In the material below, find the line containing "Lastly, you have" and the line containing "Hey guys, my", then reproduce exactly both of them and every line between, and nothing else.

━━ INPUT DATA

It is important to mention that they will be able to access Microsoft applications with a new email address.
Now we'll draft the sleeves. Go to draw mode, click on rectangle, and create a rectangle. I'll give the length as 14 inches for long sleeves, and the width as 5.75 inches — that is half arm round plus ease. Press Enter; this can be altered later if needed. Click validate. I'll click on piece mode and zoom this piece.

━━━━
━━ INPUT DATA

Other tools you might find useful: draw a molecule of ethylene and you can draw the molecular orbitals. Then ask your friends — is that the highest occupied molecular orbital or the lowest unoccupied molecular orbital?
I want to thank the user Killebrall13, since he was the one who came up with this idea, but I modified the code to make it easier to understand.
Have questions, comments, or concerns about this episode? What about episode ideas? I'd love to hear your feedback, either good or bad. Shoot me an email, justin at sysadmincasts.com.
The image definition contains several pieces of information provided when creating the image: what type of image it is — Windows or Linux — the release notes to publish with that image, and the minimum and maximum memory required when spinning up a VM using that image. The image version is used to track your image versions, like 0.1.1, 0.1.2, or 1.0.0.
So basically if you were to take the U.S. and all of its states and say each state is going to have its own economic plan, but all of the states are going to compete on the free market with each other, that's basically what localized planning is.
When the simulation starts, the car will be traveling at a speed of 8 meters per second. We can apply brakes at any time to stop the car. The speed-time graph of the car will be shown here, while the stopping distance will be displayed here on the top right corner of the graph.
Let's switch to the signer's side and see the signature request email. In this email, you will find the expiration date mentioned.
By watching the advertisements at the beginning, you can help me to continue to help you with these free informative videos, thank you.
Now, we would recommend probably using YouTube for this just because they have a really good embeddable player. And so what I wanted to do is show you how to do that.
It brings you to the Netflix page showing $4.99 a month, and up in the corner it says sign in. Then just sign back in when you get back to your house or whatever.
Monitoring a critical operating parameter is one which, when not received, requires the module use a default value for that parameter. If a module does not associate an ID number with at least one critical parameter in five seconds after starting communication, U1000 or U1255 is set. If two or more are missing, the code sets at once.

━━━━
━━ INPUT DATA

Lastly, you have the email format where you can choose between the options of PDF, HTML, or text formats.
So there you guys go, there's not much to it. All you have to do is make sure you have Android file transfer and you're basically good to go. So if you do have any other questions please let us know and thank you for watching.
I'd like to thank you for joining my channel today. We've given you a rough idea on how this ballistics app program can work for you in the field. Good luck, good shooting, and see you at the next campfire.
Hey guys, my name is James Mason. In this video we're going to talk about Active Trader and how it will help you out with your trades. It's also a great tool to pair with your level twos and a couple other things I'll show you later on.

━━━━

#### PROBLEM SOLUTION:
Lastly, you have the email format where you can choose between the options of PDF, HTML, or text formats.
So there you guys go, there's not much to it. All you have to do is make sure you have Android file transfer and you're basically good to go. So if you do have any other questions please let us know and thank you for watching.
I'd like to thank you for joining my channel today. We've given you a rough idea on how this ballistics app program can work for you in the field. Good luck, good shooting, and see you at the next campfire.
Hey guys, my name is James Mason. In this video we're going to talk about Active Trader and how it will help you out with your trades. It's also a great tool to pair with your level twos and a couple other things I'll show you later on.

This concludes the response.